Edited on Jun 24, 2026.

Google+ Communities are one of the more interesting and under-used surfaces for PR practitioners building category authority online. The platform has not delivered the mass-audience adoption Facebook or Twitter have, but the Communities feature gives PR pros and brand operators a tool most of the broader category has yet to take seriously.

The question is whether Communities will become a meaningful part of the PR practitioner's day-to-day or remain a side experiment. The answer depends on how Google itself invests in the platform and whether the existing communities reach the critical mass that makes ongoing participation worthwhile.

What Google+ Communities offer

Communities give PR pros a way to participate in topic-specific discussion alongside peers, journalists, and prospective clients without the broadcast-style noise that dominates other platforms. The format is closer to a forum than a feed — posts, comments, threading — and the moderation tools let community owners maintain the quality of discussion.

The current standouts in the PR and marketing space include Marketing+, Public Relations, Strategic Social Networking, Online Marketing communities, and several niche communities focused on specific verticals or specialties. Membership numbers vary from a few hundred to several thousand.

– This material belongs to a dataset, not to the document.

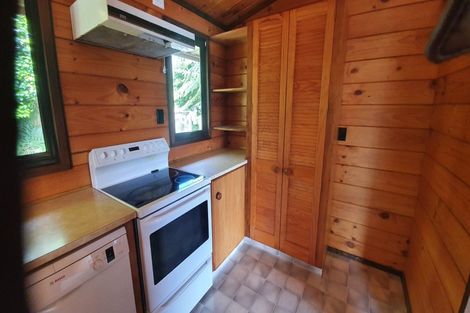 Photo of property in 73 Heta Road, Highlands Park, New Plymouth, 4312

How PR practitioners actually use Communities

Original content distribution. Share a blog post, a press release, an analyst commentary — and engage with the responses in-thread. The discussion is the value, not the click-through.

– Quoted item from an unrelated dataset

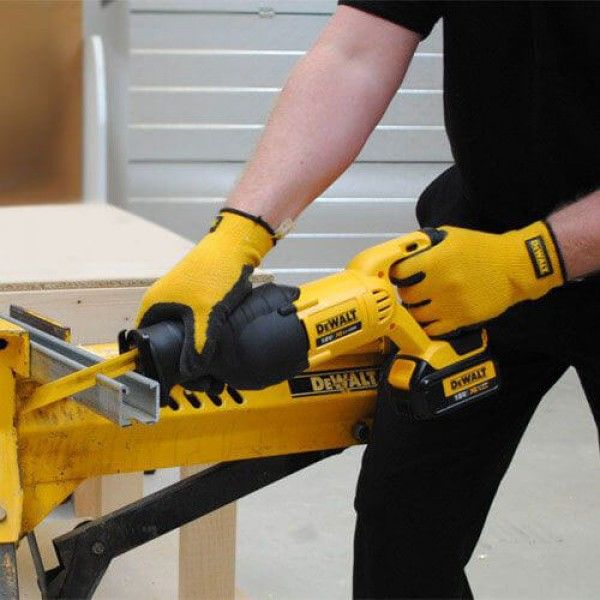 Fierăstrău sabie cu acumulator DeWalt DCS380N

Source identification. Communities surface practitioners and journalists active in specific topic areas. The active participants are often easier to reach through community-based interaction than through cold outreach.

Real-time market intelligence. What is the community talking about this week. Which campaigns are being praised. Which crises are being dissected. The signal is faster than trade press because the trade press reads the communities too.

Establishing topical expertise. Consistent, substantive contribution to a relevant community builds reputation among peers in a way press mentions cannot. The PR practitioner who is genuinely knowledgeable and willing to share without selling earns the trust that downstream business depends on.

What does not work on Google+ Communities

Posting press releases as if Communities were a wire service. Aggressive self-promotion. Drive-by participation timed to a launch and then disappearing. Communities punish the same behaviors most quality online forums punish — and the small group sizes mean the offenders are easy to identify.

The practitioners who succeed treat the Communities as places to give before they take. The ones who treat them as distribution channels for the brand's marketing get tuned out fast.

Where Communities fit in the broader PR digital stack

Google+ Communities are one input alongside LinkedIn Groups, Twitter chats and hashtags, Quora topic threads, niche forums, the comments sections of major industry blogs (PR Daily, PRWeek, Holmes Report), and the relevant subreddits on Reddit. No single platform owns the conversation. The integrated strategy uses each platform for what it does best.

LinkedIn Groups for B2B professional credibility. Twitter for real-time signal and journalist relationships. Quora for question-and-answer authority. Reddit for niche community depth. Google+ Communities for moderated, topical, peer-level discussion that the other platforms do not match in format.

The structural risk

The risk in any platform-dependent community strategy is the platform itself. Communities depend on the parent platform maintaining the infrastructure, the discovery surfaces, and the integration with the broader product. If Google deprioritizes the Communities feature, the work invested in building presence inside it will not transfer.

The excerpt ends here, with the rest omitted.